### Work instruction:
No line before the one holding "Saysh One Lightweight" is wanted; restate word for word that line and all lines after it to the end of the entries, excluding pictures.

(Short web captions)
:::
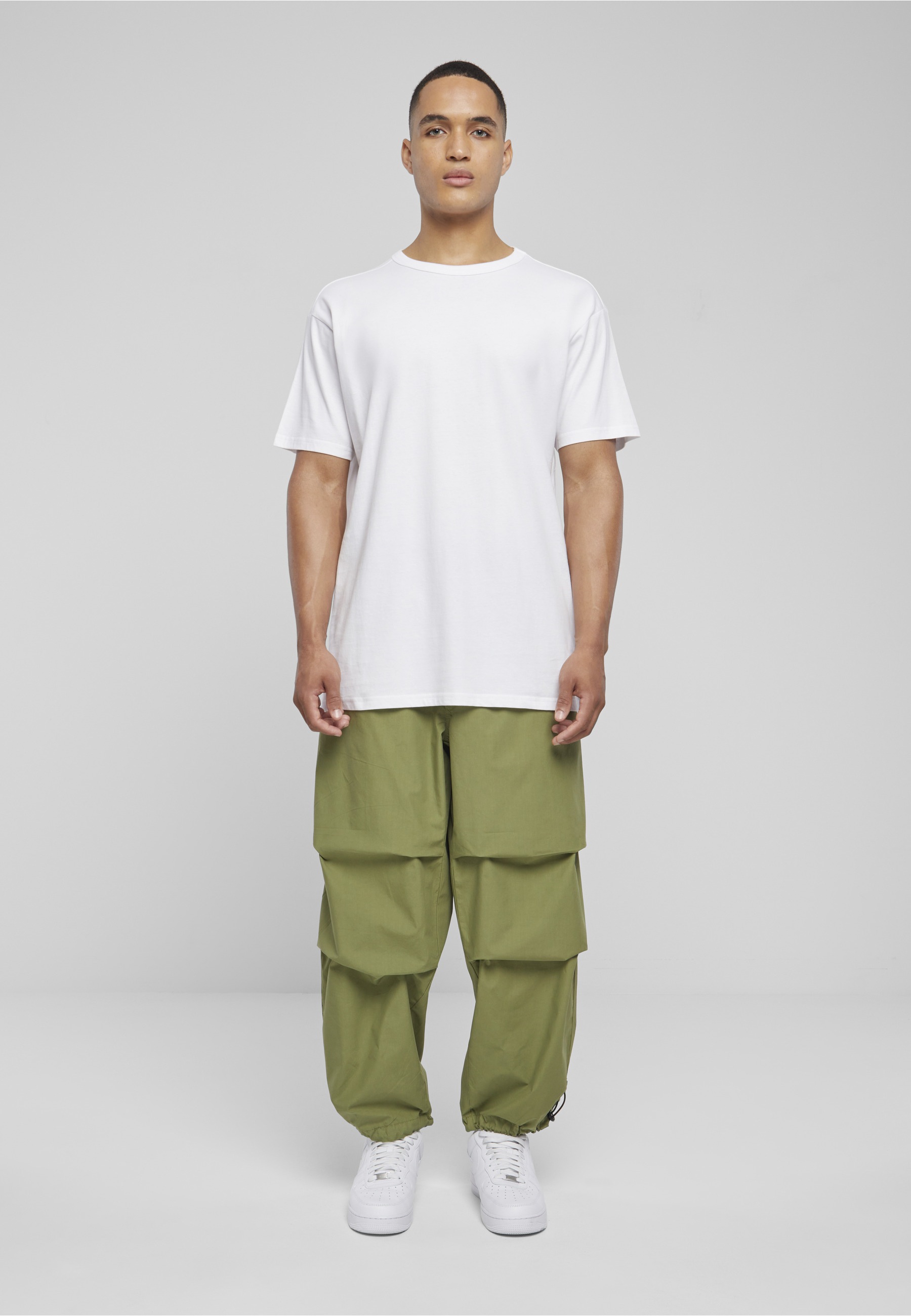 URBAN CLASSICS Stoffhose »Urban Classics Herren Popline Parachute Pants«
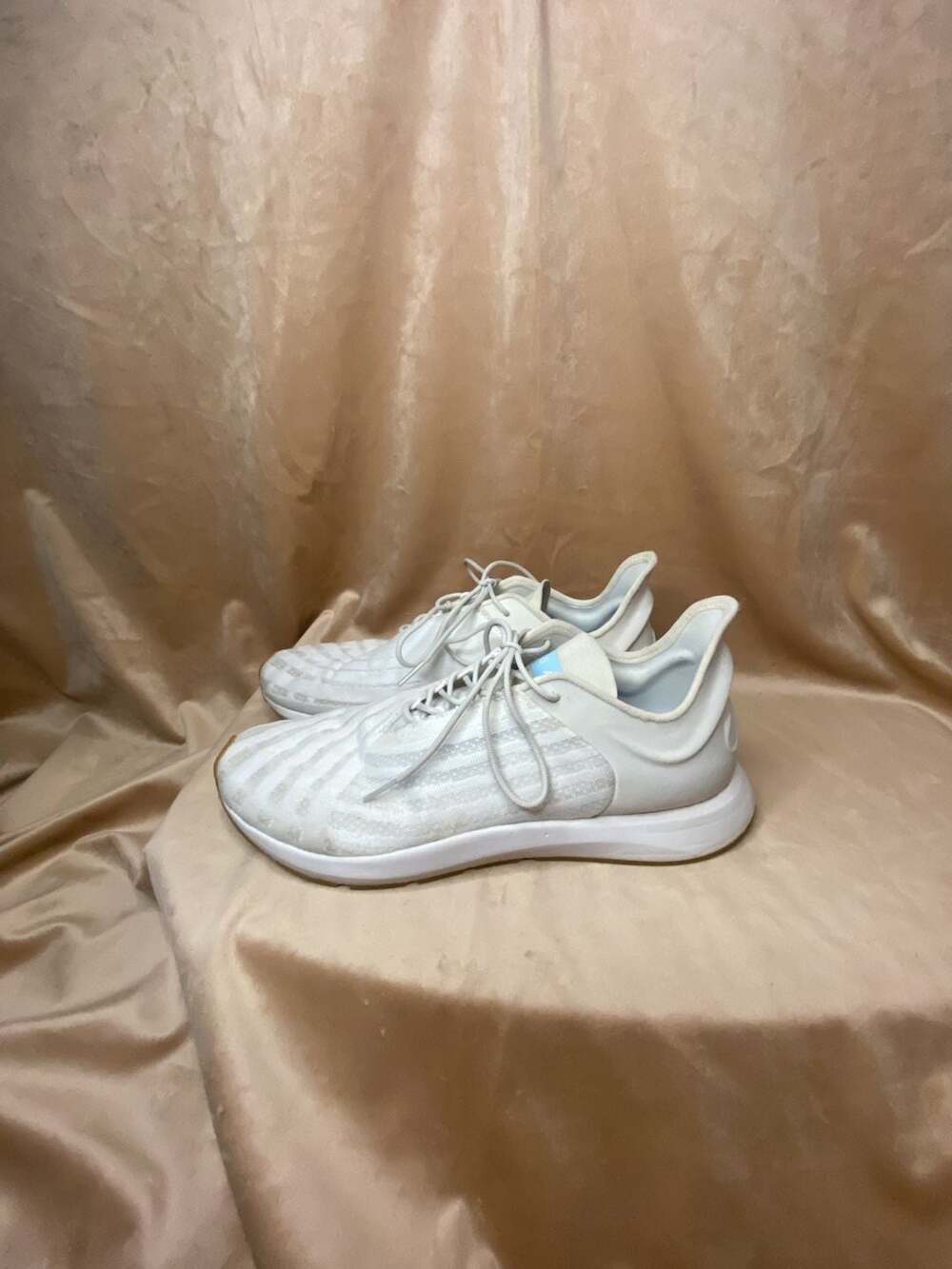 Saysh One Lightweight Comfort Lifestyle Sneaker in White: Size 10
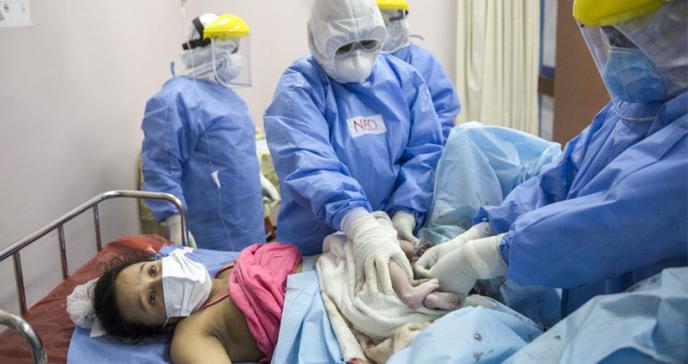 Expertos advierten que medidas de la OMS sobre partos podrían causar 56.700 muertes maternas adicionales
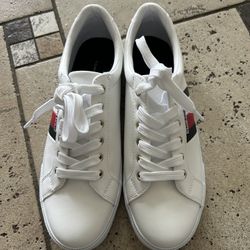 NEW Tommy Hilfiger Women Sneakers Size 7.5
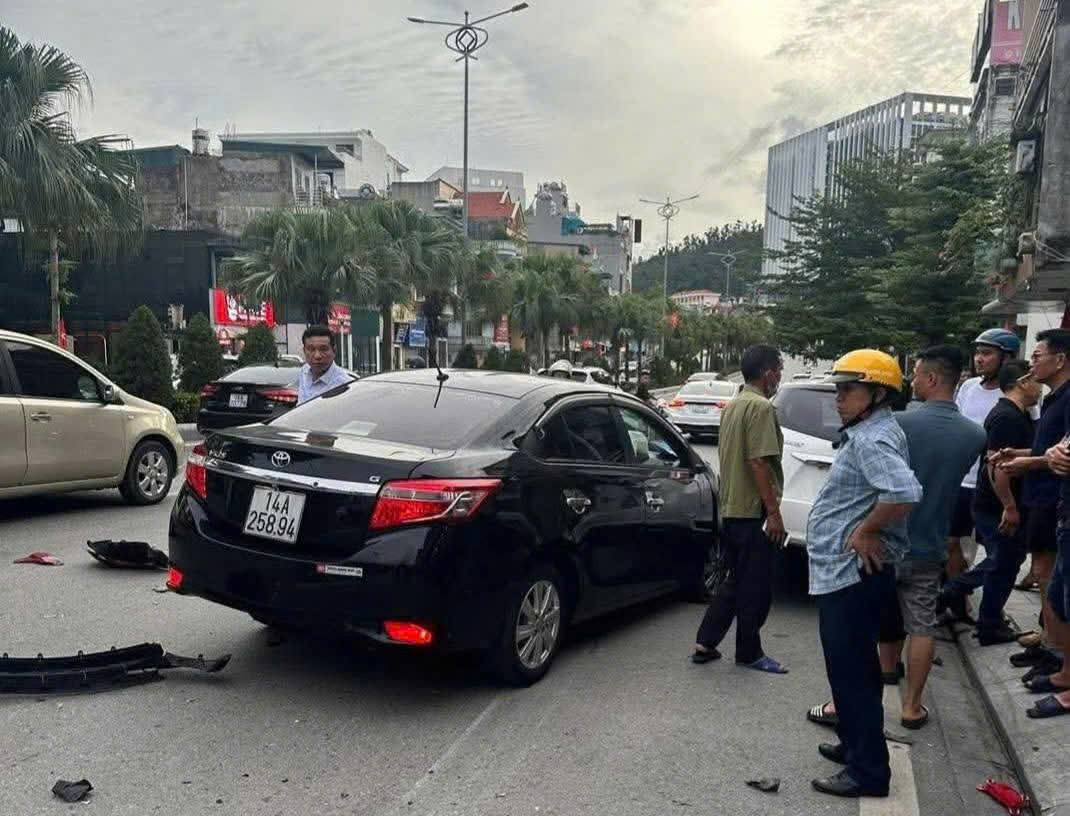 Quảng Ninh: Phó giám đốc gây tai nạn liên hoàn trên QL18 nồng độ cồn vượt mức kịch khung- Ảnh 1. Quảng Ninh: Phó giám đốc gây tai nạn liên hoàn trên QL18 nồng độ cồn vượt mức kịch khung- Ảnh 1.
:::
### Task result:
 Saysh One Lightweight Comfort Lifestyle Sneaker in White: Size 10
 Expertos advierten que medidas de la OMS sobre partos podrían causar 56.700 muertes maternas adicionales
 NEW Tommy Hilfiger Women Sneakers Size 7.5
 Quảng Ninh: Phó giám đốc gây tai nạn liên hoàn trên QL18 nồng độ cồn vượt mức kịch khung- Ảnh 1. Quảng Ninh: Phó giám đốc gây tai nạn liên hoàn trên QL18 nồng độ cồn vượt mức kịch khung- Ảnh 1.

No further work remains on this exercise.